ANOVA – Does ANOVA Rely on the Method of Moments or Maximum Likelihood?

anovamaximum likelihoodmethod of momentsmixed model

I see mentioned in various places that ANOVA does its estimation using the method of moments.

I am confused by that assertion because, even though I am not familiar with the method of moments, my understanding is that it is something different from and not equivalent to the method of maximum likelihood; on the other hand, ANOVA can be seen as a linear regression with categorical predictors and OLS estimation of regression parameters is maximum likelihood.

So:

  1. What qualifies ANOVA procedures as the method of moments?

  2. Given that ANOVA is equivalent to OLS with categorical predictors, isn't it maximum likelihood?

  3. If these two methods somehow turn out to be equivalent in the special case of usual ANOVA, are there some specific ANOVA situations when the difference becomes important? Unbalanced design? Repeated measures? Mixed (between-subjects + within-subjects) design?

Best Answer

I first encountered the ANOVA when I was a Master's student at Oxford in 1978. Modern approaches, by teaching continuous and categorical variables together in the multiple regression model, make it difficult for younger statisticians to understand what is going on. So it can be helpful to go back to simpler times.

In its original form, the ANOVA is an exercise in arithmetic whereby you break up the total sum of squares into pieces associated with treatments, blocks, interactions, whatever. In a balanced setting, sums of squares with an intuitive meaning (like SSB and SST) add up to the adjusted total sum of squares. All of this works thanks to Cochran's Theorem. Using Cochran, you can work out the expected values of these terms under the usual null hypotheses, and the F statistics flow from there.

As a bonus, once you start thinking about Cochran and sums of squares, it makes sense to go on slicing and dicing your treatment sums of squares using orthogonal contrasts. Every entry in the ANOVA table should have an interpretation of interest to the statistician and yield a testable hypothesis.

I recently wrote an answer where the difference between MOM and ML methods arose. The question turned on estimating random effects models. At this point, the traditional ANOVA approach totally parts company with maximum likelihood estimation, and the estimates of the effects are no longer the same. When the design is unbalanced, you don't get the same F statistics either.

Back in the day, when statisticians wanted to compute random effects from split-plot or repeated measures designs, the random effects variance was computed from the mean squares of the ANOVA table. So if you have a plot with variance $\sigma^2_p$ and the residual variance is $\sigma^2$, you might have that the expected value of the mean square ("expected mean square", EMS) for plots is $\sigma^2 + n\sigma_p^2$, with $n$ the number of splits in the plot. You set the mean square equal to its expectation and solve for $\hat{\sigma_b^2}$. The ANOVA yields a method of moments estimator for the random effect variance. Now, we tend to solve such problems with mixed effects models and the variance components are obtained through maximum likelihood estimation or REML.

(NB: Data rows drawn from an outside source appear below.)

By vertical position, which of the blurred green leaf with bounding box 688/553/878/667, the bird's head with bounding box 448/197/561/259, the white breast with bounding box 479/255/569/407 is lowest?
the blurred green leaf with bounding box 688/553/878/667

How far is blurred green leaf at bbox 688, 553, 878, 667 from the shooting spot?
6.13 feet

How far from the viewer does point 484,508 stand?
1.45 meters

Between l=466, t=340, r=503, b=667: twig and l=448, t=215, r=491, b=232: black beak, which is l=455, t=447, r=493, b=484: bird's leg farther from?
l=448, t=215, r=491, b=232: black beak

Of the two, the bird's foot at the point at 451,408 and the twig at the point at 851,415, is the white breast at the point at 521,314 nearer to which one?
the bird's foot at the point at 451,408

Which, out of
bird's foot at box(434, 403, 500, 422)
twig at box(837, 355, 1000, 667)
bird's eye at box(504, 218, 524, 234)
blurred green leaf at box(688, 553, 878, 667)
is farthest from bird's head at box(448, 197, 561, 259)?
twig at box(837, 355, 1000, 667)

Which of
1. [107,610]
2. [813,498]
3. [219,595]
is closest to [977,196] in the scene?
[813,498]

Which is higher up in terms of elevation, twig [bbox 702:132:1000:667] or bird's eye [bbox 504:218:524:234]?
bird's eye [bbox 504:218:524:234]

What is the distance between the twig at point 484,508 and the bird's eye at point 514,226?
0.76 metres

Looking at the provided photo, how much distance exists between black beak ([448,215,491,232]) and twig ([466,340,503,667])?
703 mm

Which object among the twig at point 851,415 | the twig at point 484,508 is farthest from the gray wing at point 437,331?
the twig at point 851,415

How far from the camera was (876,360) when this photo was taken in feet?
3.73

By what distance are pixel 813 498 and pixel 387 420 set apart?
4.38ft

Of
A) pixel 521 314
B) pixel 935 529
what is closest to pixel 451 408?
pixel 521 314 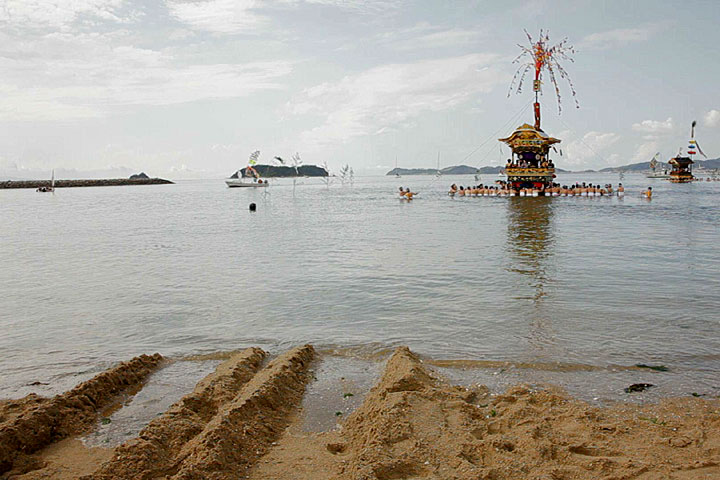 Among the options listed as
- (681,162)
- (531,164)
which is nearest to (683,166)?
(681,162)

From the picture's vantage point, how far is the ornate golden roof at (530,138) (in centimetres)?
5447

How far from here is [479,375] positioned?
23.9 ft

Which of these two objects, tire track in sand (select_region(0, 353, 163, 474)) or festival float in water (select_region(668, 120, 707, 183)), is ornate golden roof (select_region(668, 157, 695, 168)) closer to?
festival float in water (select_region(668, 120, 707, 183))

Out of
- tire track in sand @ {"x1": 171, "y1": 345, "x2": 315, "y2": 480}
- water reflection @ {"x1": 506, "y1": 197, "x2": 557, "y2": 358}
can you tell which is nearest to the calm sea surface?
water reflection @ {"x1": 506, "y1": 197, "x2": 557, "y2": 358}

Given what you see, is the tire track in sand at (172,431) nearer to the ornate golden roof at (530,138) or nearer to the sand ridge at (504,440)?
the sand ridge at (504,440)

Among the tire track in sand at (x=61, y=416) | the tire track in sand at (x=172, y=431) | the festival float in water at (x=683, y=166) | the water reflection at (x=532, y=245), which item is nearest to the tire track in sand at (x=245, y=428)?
the tire track in sand at (x=172, y=431)

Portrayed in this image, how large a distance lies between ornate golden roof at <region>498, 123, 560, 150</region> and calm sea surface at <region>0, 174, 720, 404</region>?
31104 mm

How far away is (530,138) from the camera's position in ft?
179

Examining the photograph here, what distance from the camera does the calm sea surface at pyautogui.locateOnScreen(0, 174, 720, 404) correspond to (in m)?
8.09

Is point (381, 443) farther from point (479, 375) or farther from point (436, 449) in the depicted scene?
point (479, 375)

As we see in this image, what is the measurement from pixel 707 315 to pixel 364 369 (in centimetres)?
729

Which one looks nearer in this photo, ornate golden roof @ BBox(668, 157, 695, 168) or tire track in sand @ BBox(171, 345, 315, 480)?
tire track in sand @ BBox(171, 345, 315, 480)

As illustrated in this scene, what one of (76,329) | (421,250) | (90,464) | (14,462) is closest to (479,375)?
(90,464)

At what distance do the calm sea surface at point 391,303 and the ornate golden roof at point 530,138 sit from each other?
102 feet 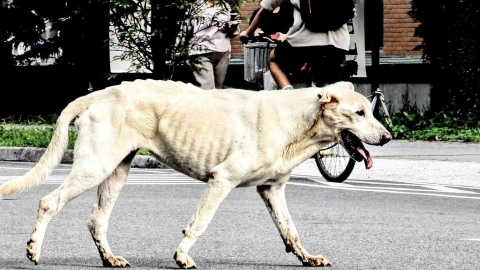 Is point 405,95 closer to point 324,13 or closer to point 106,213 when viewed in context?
point 324,13

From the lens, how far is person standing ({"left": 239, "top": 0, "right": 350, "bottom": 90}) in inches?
452

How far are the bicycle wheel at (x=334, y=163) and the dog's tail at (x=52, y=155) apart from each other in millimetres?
4841

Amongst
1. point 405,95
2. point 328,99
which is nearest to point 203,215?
point 328,99

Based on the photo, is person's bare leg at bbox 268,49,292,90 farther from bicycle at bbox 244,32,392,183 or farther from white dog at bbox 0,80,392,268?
white dog at bbox 0,80,392,268

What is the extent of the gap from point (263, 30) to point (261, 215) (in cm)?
391

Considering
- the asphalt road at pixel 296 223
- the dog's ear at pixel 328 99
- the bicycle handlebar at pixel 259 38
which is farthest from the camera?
the bicycle handlebar at pixel 259 38

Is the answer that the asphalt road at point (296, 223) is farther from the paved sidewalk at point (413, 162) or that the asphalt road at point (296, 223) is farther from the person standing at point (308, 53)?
the person standing at point (308, 53)

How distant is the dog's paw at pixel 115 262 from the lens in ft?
22.6

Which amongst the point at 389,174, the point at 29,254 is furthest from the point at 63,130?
the point at 389,174

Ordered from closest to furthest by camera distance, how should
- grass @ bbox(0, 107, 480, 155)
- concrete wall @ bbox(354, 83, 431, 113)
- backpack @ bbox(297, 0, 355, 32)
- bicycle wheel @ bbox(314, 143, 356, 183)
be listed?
backpack @ bbox(297, 0, 355, 32) < bicycle wheel @ bbox(314, 143, 356, 183) < grass @ bbox(0, 107, 480, 155) < concrete wall @ bbox(354, 83, 431, 113)

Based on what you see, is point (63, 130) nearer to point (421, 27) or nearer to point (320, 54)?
point (320, 54)

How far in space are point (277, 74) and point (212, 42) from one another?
3.22 metres

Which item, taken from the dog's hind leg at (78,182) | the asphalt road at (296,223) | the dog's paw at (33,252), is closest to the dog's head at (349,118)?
the asphalt road at (296,223)

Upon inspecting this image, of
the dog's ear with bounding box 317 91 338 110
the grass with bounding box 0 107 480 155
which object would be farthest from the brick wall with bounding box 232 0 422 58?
the dog's ear with bounding box 317 91 338 110
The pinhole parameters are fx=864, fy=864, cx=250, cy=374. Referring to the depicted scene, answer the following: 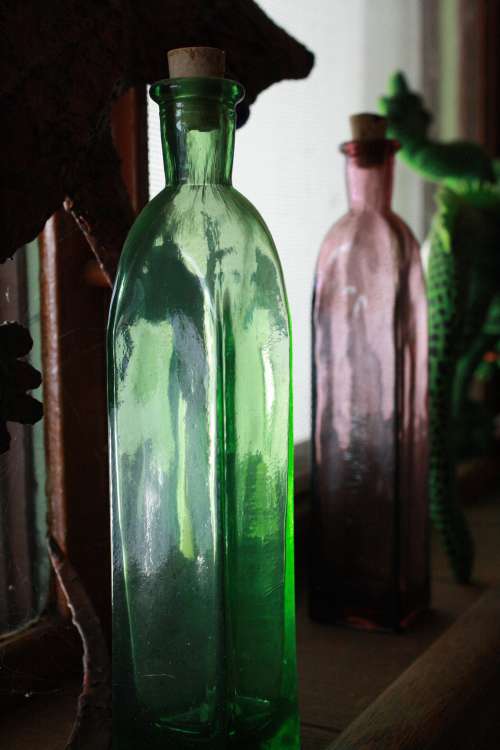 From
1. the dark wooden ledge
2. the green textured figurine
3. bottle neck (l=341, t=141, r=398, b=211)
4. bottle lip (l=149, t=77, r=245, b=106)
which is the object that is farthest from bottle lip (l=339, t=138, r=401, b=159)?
the dark wooden ledge

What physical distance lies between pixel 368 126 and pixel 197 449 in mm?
364

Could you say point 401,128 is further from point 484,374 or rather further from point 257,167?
point 484,374

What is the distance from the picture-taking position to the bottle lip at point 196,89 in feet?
1.40

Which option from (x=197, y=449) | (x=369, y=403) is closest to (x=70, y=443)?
(x=197, y=449)

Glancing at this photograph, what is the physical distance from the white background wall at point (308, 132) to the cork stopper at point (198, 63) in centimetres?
38

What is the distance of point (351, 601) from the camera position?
0.70 m

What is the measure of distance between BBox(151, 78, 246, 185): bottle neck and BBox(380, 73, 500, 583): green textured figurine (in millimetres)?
413

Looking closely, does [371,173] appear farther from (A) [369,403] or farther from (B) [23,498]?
(B) [23,498]

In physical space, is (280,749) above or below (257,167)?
below

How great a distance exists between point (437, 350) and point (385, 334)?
145mm

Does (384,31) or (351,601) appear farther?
(384,31)

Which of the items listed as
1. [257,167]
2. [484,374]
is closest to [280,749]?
[257,167]

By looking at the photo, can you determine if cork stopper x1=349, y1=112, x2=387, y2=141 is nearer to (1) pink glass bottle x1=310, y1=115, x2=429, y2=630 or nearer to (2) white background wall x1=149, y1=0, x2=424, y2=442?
(1) pink glass bottle x1=310, y1=115, x2=429, y2=630

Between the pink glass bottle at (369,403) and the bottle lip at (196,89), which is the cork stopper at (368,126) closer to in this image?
the pink glass bottle at (369,403) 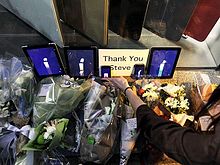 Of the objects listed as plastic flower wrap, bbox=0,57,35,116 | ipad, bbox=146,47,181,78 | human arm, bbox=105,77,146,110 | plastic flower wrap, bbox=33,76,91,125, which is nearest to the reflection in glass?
ipad, bbox=146,47,181,78

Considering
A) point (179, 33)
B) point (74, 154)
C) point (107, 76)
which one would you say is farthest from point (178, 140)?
point (179, 33)

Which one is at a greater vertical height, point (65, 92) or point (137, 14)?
point (137, 14)

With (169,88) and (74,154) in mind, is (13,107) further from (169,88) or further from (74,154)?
(169,88)

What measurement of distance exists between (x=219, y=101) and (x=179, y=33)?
0.66 meters

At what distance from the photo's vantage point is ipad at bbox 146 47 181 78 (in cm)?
126

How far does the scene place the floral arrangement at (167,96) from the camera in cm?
117

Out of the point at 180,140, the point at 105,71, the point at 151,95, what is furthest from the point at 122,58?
the point at 180,140

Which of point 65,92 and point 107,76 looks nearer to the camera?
point 65,92

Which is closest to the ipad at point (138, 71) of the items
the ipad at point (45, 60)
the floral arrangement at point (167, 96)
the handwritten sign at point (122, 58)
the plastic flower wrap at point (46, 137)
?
the handwritten sign at point (122, 58)

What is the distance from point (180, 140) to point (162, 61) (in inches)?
24.4

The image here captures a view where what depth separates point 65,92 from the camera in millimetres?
1136

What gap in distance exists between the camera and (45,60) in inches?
51.7

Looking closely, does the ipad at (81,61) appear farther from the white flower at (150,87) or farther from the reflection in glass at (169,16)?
the reflection in glass at (169,16)

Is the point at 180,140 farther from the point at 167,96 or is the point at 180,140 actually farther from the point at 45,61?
the point at 45,61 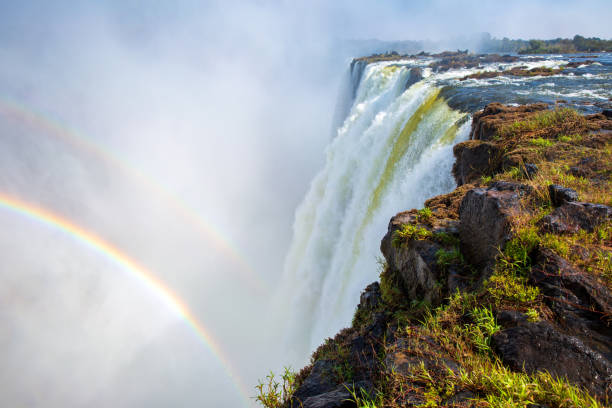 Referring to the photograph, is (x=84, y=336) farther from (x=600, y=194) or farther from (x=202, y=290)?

The ANOVA as such is not a method of moments procedure. It turns on splitting the sum of squares (or more generally, a quadratic form of the response) into components that yield meaningful hypotheses. It depends strongly on normality since we want the sums of squares to have chi-squared distributions for the F tests to work.

The maximum likelihood framework is more general and applies to situations like generalized linear models where sums of squares do not apply. Some software (like R) invite confusion by specifying anova methods to likelihood ratio tests with asymptotic chi-squared distributions. One can justify use of the term "anova", but strictly speaking, the theory behind it is different.